A summary of news looks like this: We cannot afford to adequately educate our children. We resist the obvious logic to supply adequate health care for our citizens who cannot afford it. We can’t afford safety nets for the unemployed and blame them for the exodus of their jobs to Asia. Good Christians accuse the poor of being moochers. Some political entities whine about bailouts even when they save millions of jobs and avoid economic collapse. The courts say that corporations are people, money is speech and racism in America is dead. Meanwhile, there is plenty of money to subsidize the most profitable energy companies, giant agri-business, drug companies and for bailing out nefarious banking operations. There is plenty of money – the largest portion of our budget – for military and security apparatus, wars of choice and a huge international spying activity.

Supply-side economics is a proven failure. The only solid business realm is the military-industrial complex and its dependent suppliers. They create jobs because they are contracted to do so, and their profits continue to soar. In short, our economy is war-based and we subsidize those companies upon which the largest war machine in history depends (most obviously the energy/oil businesses) on top of guaranteed profits. We have become, therefore, a war-based economy and the great promise of upward mobility has virtually disappeared. Our education infrastructure continues to crumble. Our cities are literally falling apart and going bankrupt. Yet we keep making war.

Most noticeable is the drop in upward mobility of working classes inversely proportional to the income gap between the top 1% and everyone else. So, what is the justification for a total war footing and economy?

Yes, the attacks of 9/11/2001 were horrible…and low tech. We saw it coming and did nothing about it. Instead, we invaded the wrong country that had nothing to do with this attack based on lies.
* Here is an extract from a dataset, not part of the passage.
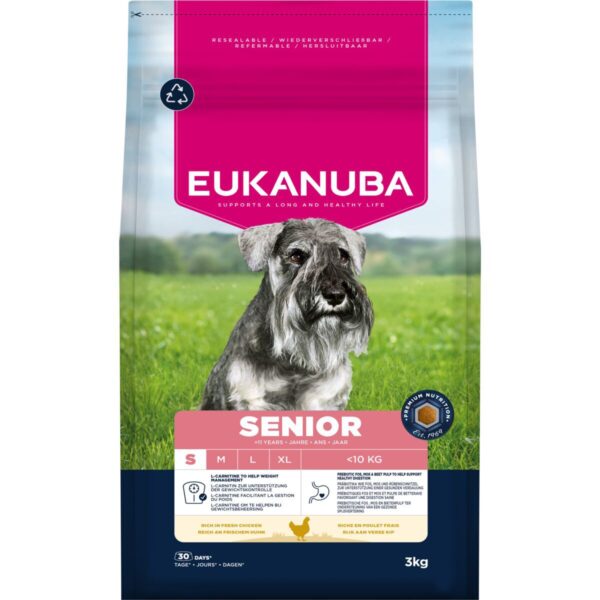 Eukanuba Senior Small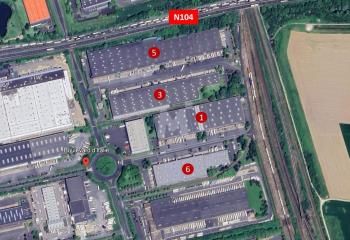 Location entrepôt Lieusaint - Proche Francilienne (N104) et RER D2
We must ask ourselves whether our national ideals are being adequately attended to while we make more war. What happened to that shining light for humanity? After summarizing the last few decades of our decline as a peace-promoting nation that takes good care of its citizens, provides them with social mobility in job and economic opportunity, we must ask the same question of ourselves that was asked of Churchill: What are we defending and at what cost?